Californians have a long history of dragging large sound systems deep into the mountains and canyons of the state’s most remote corners to throw some truly epic, off-the-grid events. In recent years, no crew has done more to keep that tradition alive than Desert Hearts. Started in true renegade fashion in 2012 with just 200 attendees, Desert Hearts has grown into a legit mini-festival of 5,000, with highly regarded headliners like Damian Lazarus, Dave Seaman and DJ Harvey — though it maintains its “one stage, one vibe” focus and the strong sense of community that engenders.
“The festival has stayed the same size over the past couple years, but the Desert Hearts family continues to grow at an exponential rate,” says Mikey Lion, who together with partners Lee Reynolds, Marbs and Porkchop both organizes the festival and plays its signature tag-team closing set. “Our message of house, techno, and love is spreading far and wide.”

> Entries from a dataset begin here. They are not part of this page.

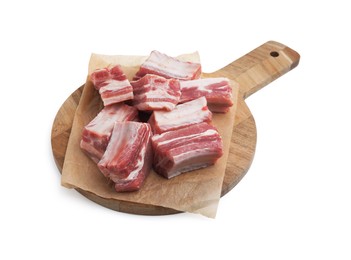 Photo of Cut raw pork ribs isolated on white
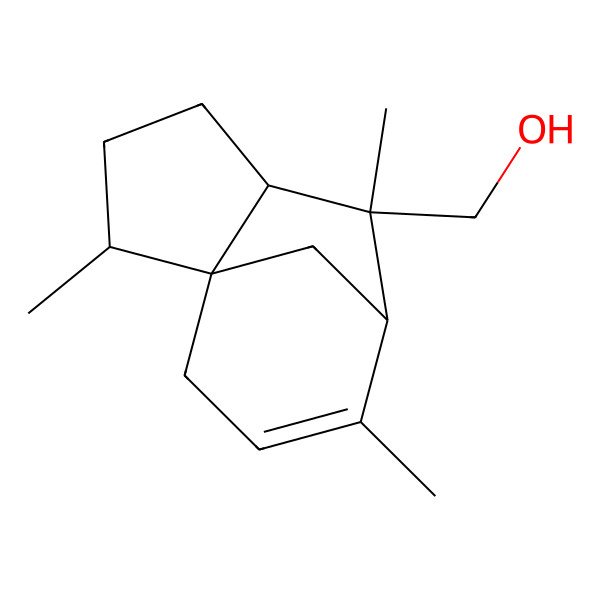 2D Structure of [(1R,2R,5R,6R,7R)-2,6,8-trimethyl-6-tricyclo[5.3.1.01,5]undec-8-enyl]methanol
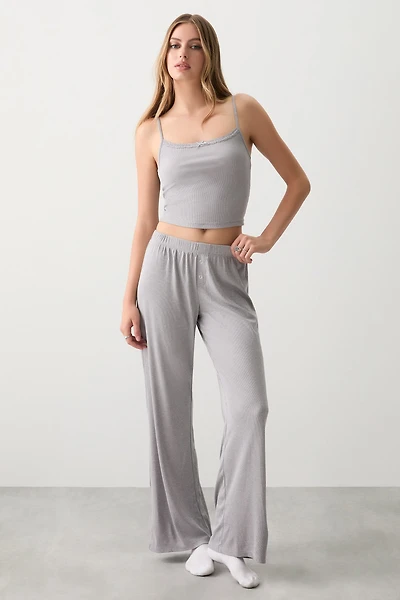 Ardene Super Soft Rib Loose PJ Pants in Grey | Size | Polyester/Spandex | Eco-Conscious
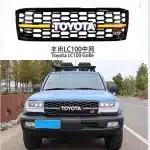 Front Mesh Grille with LED Accent Lights, GR Style Matte Black Replacement for Toyota Land Cruiser LC100 4500 4700
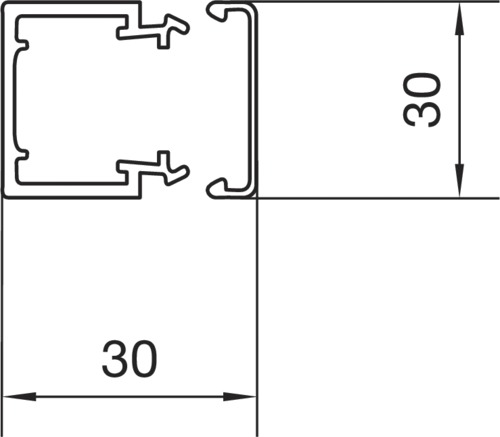 Leitungsführungskanal Kst 30x30x2000mm lgr unbeh LF-K 720qmm RAL7035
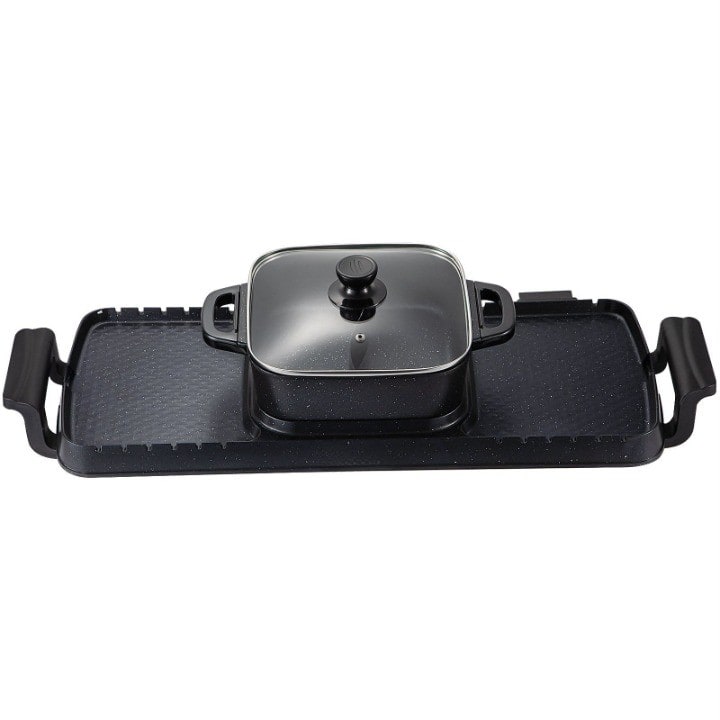 Mirfee - 2-in-1 Electric Grill and Hot Pot, 2400W Simultaneous Cooking, Dual Temp Control, Smokeless Nonstick Surface - Black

Desert Hearts’ current home, Los Coyotes Indian Reservation, is more forest than desert, an oasis of pine trees tucked in the mountains of North San Diego County. Overnight temperatures can plummet, but that just inspires more creative (and fuzzier) festival attire in the wee hours. Don’t expect typical festival amenities — yes, there are porta-potties, yoga classes and a vendor village, but it’s a DIY, leave-no-trace camping event at which attendees are expected to pack in and pack out all their necessities. But as anyone who’s been to such events can tell you, that emphasis on self-reliance actually enhances the vibe. There are no looky-loos at Desert Hearts, only participants — and most are there to let their freak flags fly.
Among the growing list of annual Desert Hearts traditions are a wine and cheese party and a Connect 4 tournament — both of which take place right on the dancefloor, giving the proceedings a welcome, irreverent twist. But it’s the music at Desert Hearts that remains the star attraction. As practiced by the Desert Hearts crew and their most frequent return guests — a list that includes Doc Martin, Tara Brooks and Sacha Robotti — that means a deep, funky mix of no-bullshit house and techno that keeps the beats coming with minimum. With urban sister events, City Hearts, now rolling out in Los Angeles and San Francisco, Desert Hearts continues to prove that “one stage, one vibe” is all you need to throw a memorable music festival.